The photo on the front of yesterday's RugbyHerald struck a chord for followers of rugby with a Star Wars fetish. One correspondent pointed out the similarity to a scene from The Empire Strikes Back. In one of the photos above, an eager young apprentice Jedi is instructed by his 900-year-old master in how to overthrow an unjust, evil empire. The other photo shows Luke Skywalker and Yoda. "Hey boss, how can we beat the Bokke in the semifinal?" "Hmmm. Win the breakdown, you must ..."

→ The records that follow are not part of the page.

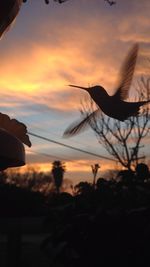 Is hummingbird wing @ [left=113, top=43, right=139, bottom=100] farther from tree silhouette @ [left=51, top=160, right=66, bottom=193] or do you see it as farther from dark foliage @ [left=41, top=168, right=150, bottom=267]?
tree silhouette @ [left=51, top=160, right=66, bottom=193]

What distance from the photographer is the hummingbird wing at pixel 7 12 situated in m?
1.01

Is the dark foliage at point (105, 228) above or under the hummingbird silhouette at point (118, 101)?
under

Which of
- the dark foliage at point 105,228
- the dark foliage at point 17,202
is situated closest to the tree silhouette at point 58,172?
the dark foliage at point 17,202

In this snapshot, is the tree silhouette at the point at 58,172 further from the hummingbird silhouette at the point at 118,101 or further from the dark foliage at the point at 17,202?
the hummingbird silhouette at the point at 118,101

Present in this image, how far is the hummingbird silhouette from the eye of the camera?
114 centimetres

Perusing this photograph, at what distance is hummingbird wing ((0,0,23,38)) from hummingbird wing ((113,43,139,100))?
29 cm

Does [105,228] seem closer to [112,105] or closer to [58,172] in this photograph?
[112,105]

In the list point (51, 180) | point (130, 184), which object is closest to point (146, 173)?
point (130, 184)

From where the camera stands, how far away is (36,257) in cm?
779

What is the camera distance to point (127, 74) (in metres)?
1.15

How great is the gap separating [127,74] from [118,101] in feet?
0.24

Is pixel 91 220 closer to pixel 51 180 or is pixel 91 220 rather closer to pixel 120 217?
pixel 120 217

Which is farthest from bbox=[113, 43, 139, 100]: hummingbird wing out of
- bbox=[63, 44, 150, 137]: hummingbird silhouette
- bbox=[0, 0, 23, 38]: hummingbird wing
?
bbox=[0, 0, 23, 38]: hummingbird wing

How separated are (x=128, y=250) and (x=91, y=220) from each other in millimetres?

Zac Guildford's boozing got us wondering about an all-time All Blacks partying XV. These are the players whose drinking caught the eye of the public - and the Hawkes Bay Head-Case didn't even make the cut. Here's the best we could come up with:
All Blacks Party XV
15. Mils Muliana
14. Doug Howlett
13. Ron Rangi
12. Tana Umaga
11. Stu Wilson
10. Andrew Mehrtens
8. Jerry Collins
7. Xavier Rush
6. Jerome Kaino
5. Troy Flavell
4. Keith Robinson
3. Keith Murdoch
2. Norm Hewitt
1. Bruce McLeod
If we missed someone out, drop us a line at email@example.com and we'll update the selection.
Yesterday's Herald story on the 10 hottest studs of the World Cup failed to include Dan Carter or the Romanian front rowers. Carter won't mind; he and fellow hunk Richard Kahui are famously modest about their good looks.
Over in the world of soccer, the players are less encumbered by modesty. Here's Cristiano Ronaldo explaining why some people don't like him: "I think that because I am rich, handsome and a great player, people are envious of me. I don't have any other explanation." Yep, that's what it'll be, mate.
What World Cup?
A Kiwi on holiday in Oz was discussing rugby with some locals. One said: "The World Cup's on soon isn't it? Are there any games in New Zealand?"
Public Nana No1
Our friends at nzherald.co.nz ran a poll gauging the public feeling towards Quade Cooper - aka Public Enemy No1 - and the support he received from his nana.
Donald Wright had the best idea for bringing an end to the clash between the McCaw and Cooper clans: "I think Nanny Cooper and Nanny McCaw should settle it in the mud-wrestling ring."
Over at thenewtasman.com, public relations fiddler Phil Quin has concocted a possible press briefing from the Minister of Bad Manners.
Here it is: "I would like to extend my heartfelt apologies to the members of the Australian Rugby Union contingent for my behaviour at the corporate facilities at North Harbour Stadium during the Wallabies' frankly unconvincing win against Italy.
"My conduct was unbecoming a government minister, let alone one charged with the duty of hosting overseas guests even if those overseas guests happen to be Australian.
"The barrage of abuse I hurled against not only the playing fifteen, but the very character of Australia and Australians - while at times hilarious and often technically accurate - was not acceptable, and for that I sincerely apologise.
"'Cheating convict scum' is not an expression I should have used. If I had my time over again, I would allude to Australia's past as a convict colony, along with its historical propensity to violate the rules and spirit of rugby, in a more dignified fashion.
"I have called James O'Connor - who I can confirm is absolutely not Justin Bieber's gay twin - to apologise directly. Similarly, I tweeted an apology to Quade Cooper.
"Finally, to the catering staff at the box, I would like to thank them for their encouragement and occasional applause during this unfortunate episode. I will autograph the remainder of your drink coasters today and get them sent over right away."